バスの車内の空気がふわ~となった瞬間の話

ギリシャの公用語はギリシャ語です。看板にははギリシャ語と英語が書かれていますが、市バスなどはギリシャ語で行き先が表示されているので慣れるまでは苦労しす。市バスの運転手に「バスターミナルに行きますか」と聞いても、英語を使ったので拒否するように「ノー」と言われたこともありました。
ギリシャではあまりにも英語が通じないことに驚いて、私はその次にギリシャに行くまでに前もってギリシャ語を勉強したほどです。

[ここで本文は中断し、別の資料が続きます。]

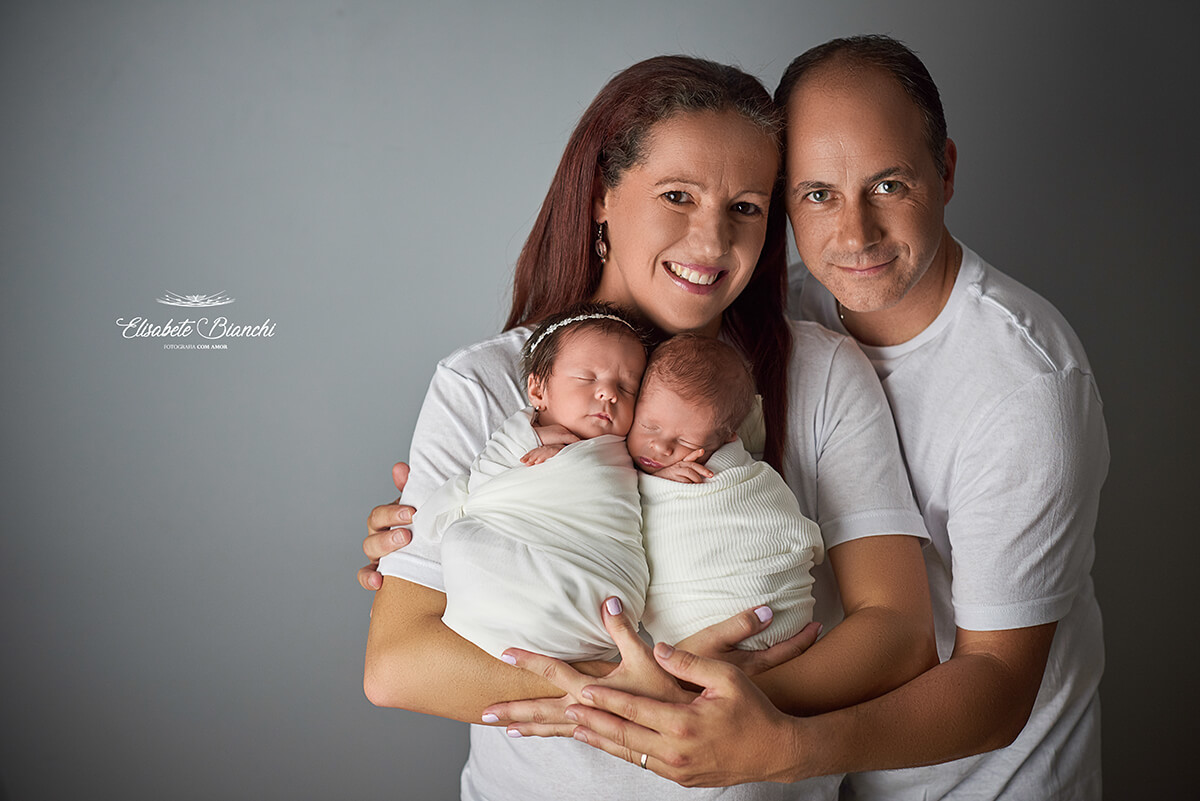 Pais com seu casal de bebês recém-nascidos, gêmeos, no colo da mãe, em ensaio newborn, Caxias do Sul.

首都アテネや有名な観光地なら英語でも大丈夫かもしれませんが、ちいさな田舎町や年配の人に英語で話しかけると逃げられます。文字通り話しかけた瞬間に嫌がられるのです。
それを知っていたので道行く人に「Excuse me(すみません)」と言いたい時には、ギリシャ語で「シグノーミ」と言いました。そう言うと逃げずに足を止めてもらえました。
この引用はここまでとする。